Every soufflé is made from two basic components, which is a French crème pâtissière base/flavored cream sauce or purée and egg whites beaten to a soft peak meringue. The base provides the flavor and the whites provide the “lift” and is commonly made from cheese, jam, fruit, chocolate, etc.
While this breakfast treat can range from simple to very complex, Mike opted for a simple cheese version ala Food Network’s Alton Brown – the Cheese Soufflé. While this recipe features an 8-inch soufflé mold, we used two single-serving ramekins. This method tends to avoid us sharing, which can break out into squabbles over how much the other one got.
In regards to taste, this recipe is puffed up bits of heaven. The flavor is rich and . . . infuses a bit of classy into our lazy, weekend morning ritual. The recipe – start to finish – only takes an hour to complete and will make any guest smile. It’s also a great introduction for a newbie into the wild world of soufflé cooking.
Butter, room temperature, for greasing the souffle
2 tablespoons grated Parmesan
1 1/2 ounces (3 tablespoons) butter
3 tablespoons flour
1 teaspoon dry mustard
1/2 teaspoon garlic powder
1/8 teaspoon kosher salt
1 1/3 cups milk, hot
4 large egg yolks (2 1/2 ounces by weight)
6 ounces sharp Cheddar
5 egg whites plus 1 tablespoon water (5 1/2 ounces by weight plus 1/2 ounce water)
1/2 teaspoon cream of tartar
Use room temperature butter to grease an 8-inch souffle mold. Add the grated Parmesan and roll around the mold to cover the sides. Cover with plastic wrap and place into the freezer for 5 minutes.
Preheat oven to 375 degrees F.
In a small saucepan, heat the butter. Allow all of the water to cook out.
In a separate bowl combine the flour, dry mustard, garlic powder, and kosher salt. Whisk this mixture into the melted butter. Cook for 2 minutes.
Whisk in the hot milk and turn the heat to high. Once the mixture reaches a boil, remove from the heat.
In a separate bowl, beat the egg yolks to a creamy consistency. Temper the yolks into the milk mixture, constantly whisking. Remove from the heat and add the cheese.
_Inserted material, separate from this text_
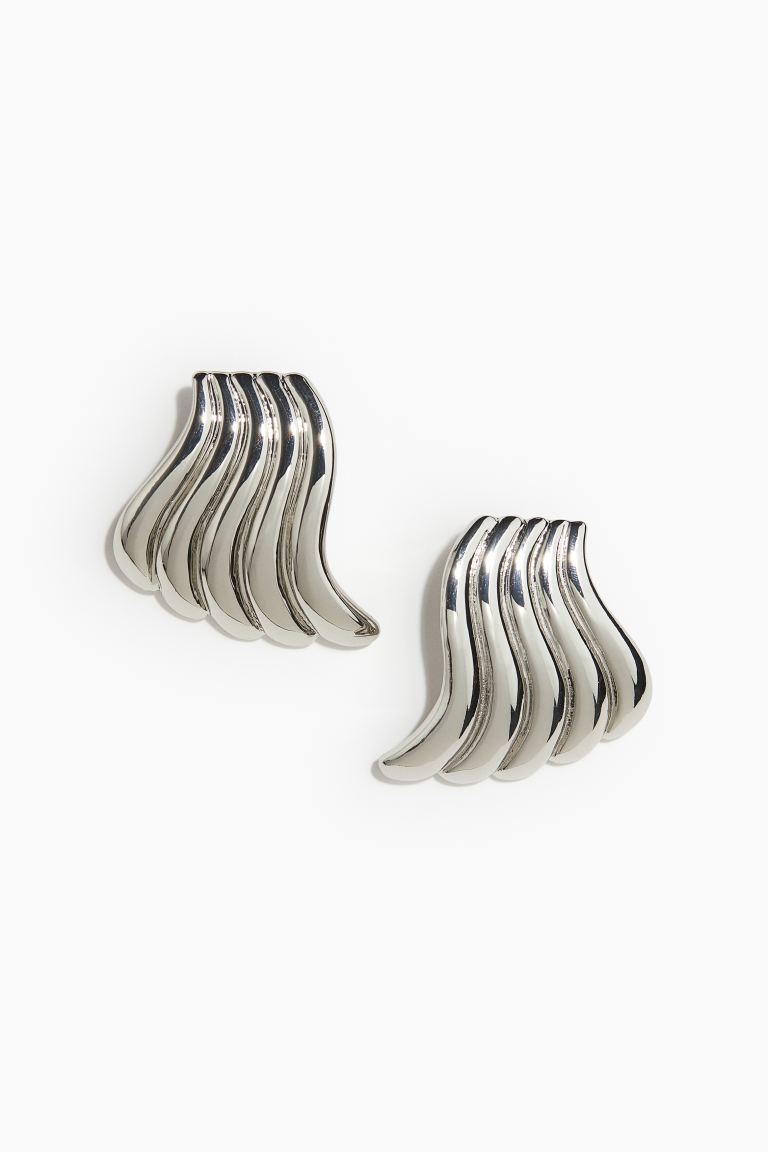 Swirly Earrings
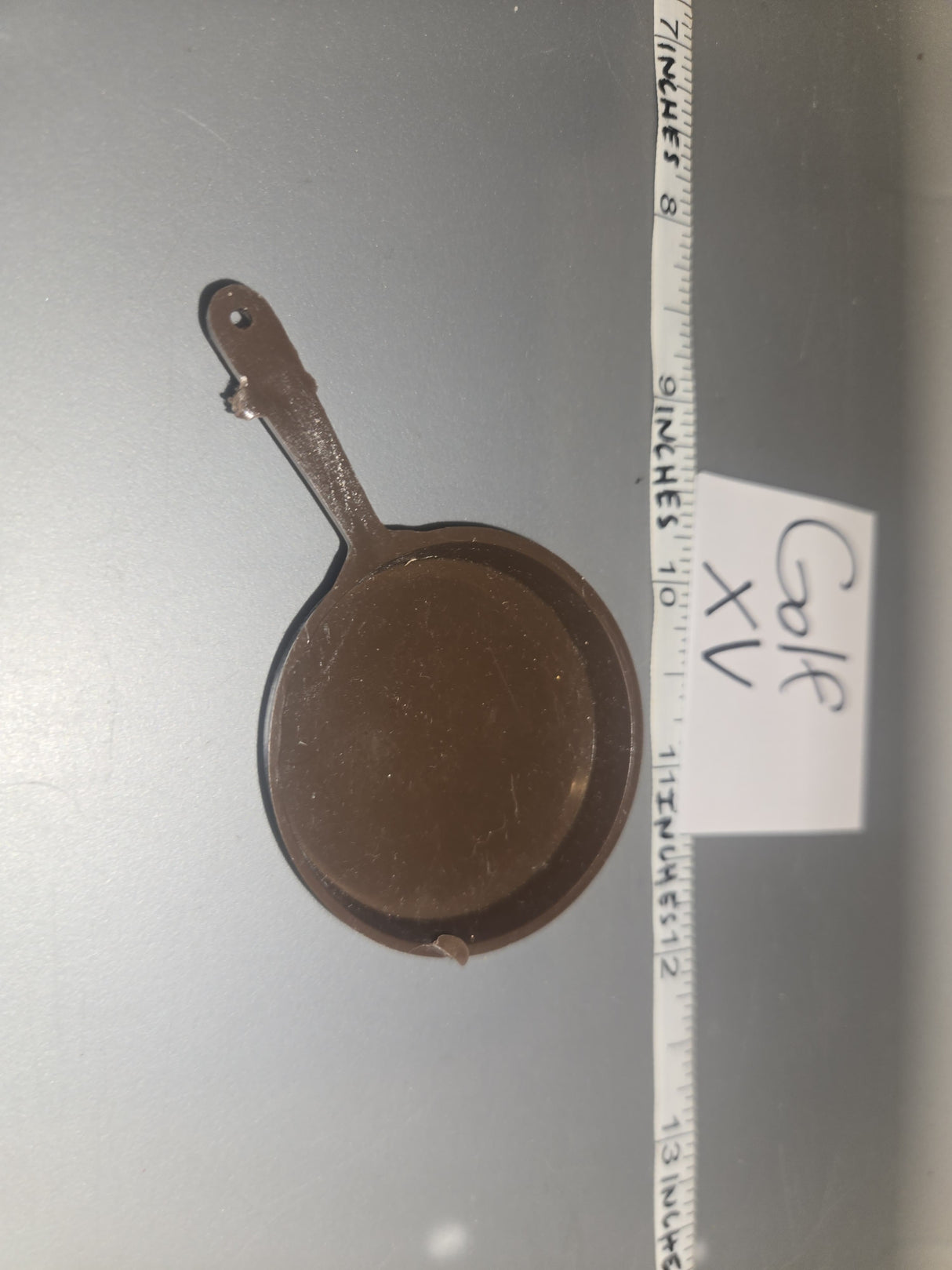 1/6 Scale Western Era Fry Pan Cooking Pot - Johnny West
Whisk until incorporated.
In a separate bowl, using a hand mixer, whip the egg whites and cream of tartar until glossy and firm. Add 1/4 of the mixture to the base. Continue to add the whites by thirds, folding very gently.
Pour the mixture into the souffle. Fill the souffle to 1/2-inch from the top. Place on an aluminum pie pan. Bake in the oven for 35 minutes.